President Trump comes back to office amid one of the most over-valued stock markets of all time, even more inflated than at President Hoover’s inauguration months before the Black Tuesday crash of 1929. See WSJ: Make America Cheap Again. The CAPE is just one of a long list of historically prescient indicators ringing alarm bells.
Of all the measures of irrational equity market pricing, the cyclically adjusted price to earnings ratio (CAPE) developed by Yale economist Robert Shiller, since it looks back a decade and adjusts for inflation. On that basis, American stocks are 83% more expensive than when Bill Clinton first took the oath of office, 145% more than when Barack Obama first did and a whopping four times Ronald Reagan’s starting point. They even are a third pricier than at the start of Trump’s own first term.
Nothing matters more to long-term equity returns over the next decade than the level of fundamental valuation at the starting point. Today, bullish high hopes meet elevated multiples that suggest negative annual returns over the next 7 years or more.

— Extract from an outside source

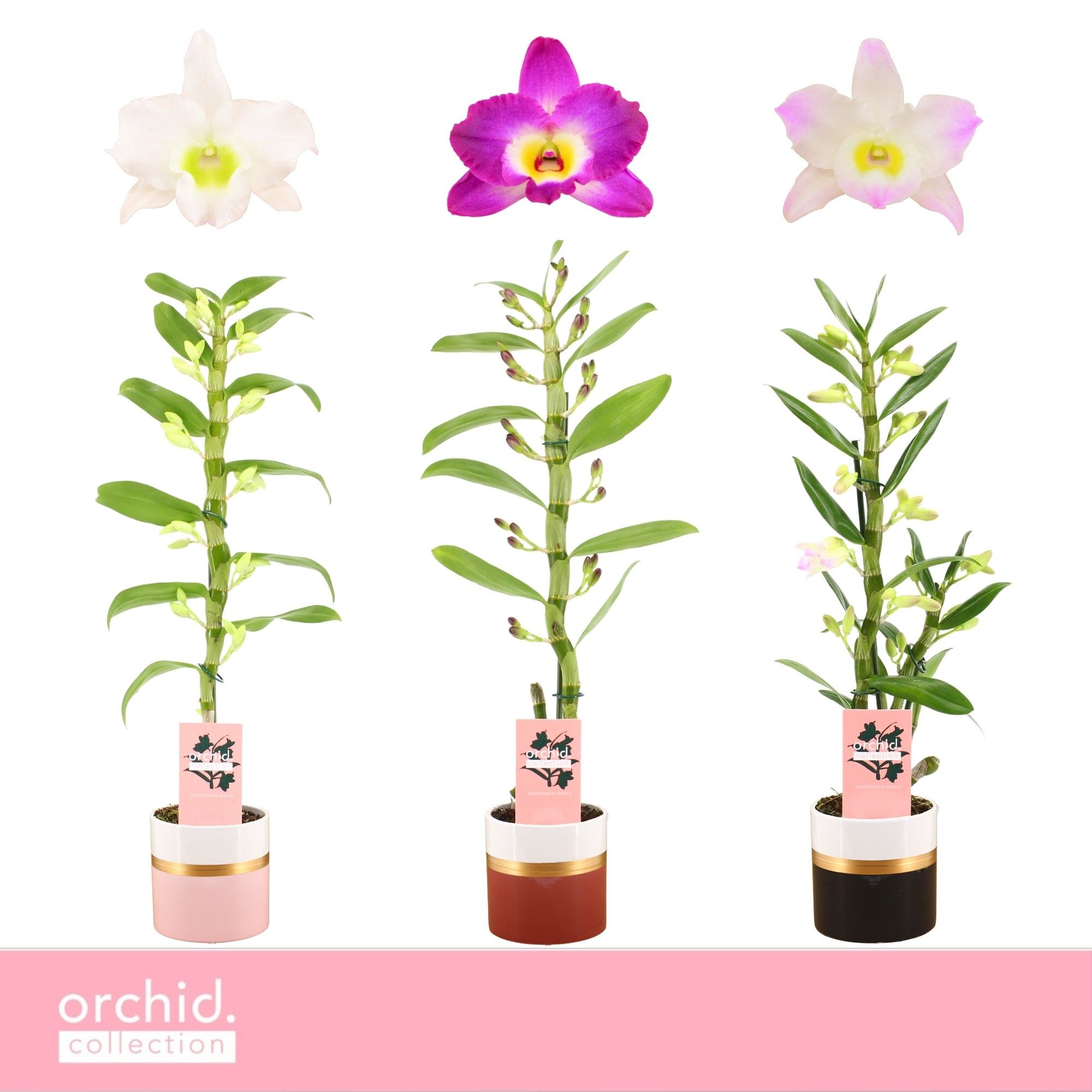 Dendrobium Nobilé, Mix 1-spike in Dolomite Horizon 'Orchid Collection', D 12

Asset manager GMO recently forecast that the return of U.S. large capitalization stocks will be negative 5.2% annually over the next seven years after inflation. It would be like putting money into a CD today and having the bank pocket almost a third of it when it matures in 2032.
With U.S. stock markets the most widely held globally, their prospects magnify downside risk for consumer and investor sentiment worldwide. For those who manage not to go down with this ship, however, the opportunity embedded on the other side of present euphoria has also rarely been greater.
…when indexes like the S&P 500 become cheaper, which they surely will, investors should look past gloomy headlines and see the glass as half full since it will mean a better rate of return.
If a rough patch for U.S. markets is what it takes for that imbalance to right itself then it would be small solace to retirees, much less to President Trump. Those still in their saving years, though, might find that it is the pause that refreshes their nest eggs.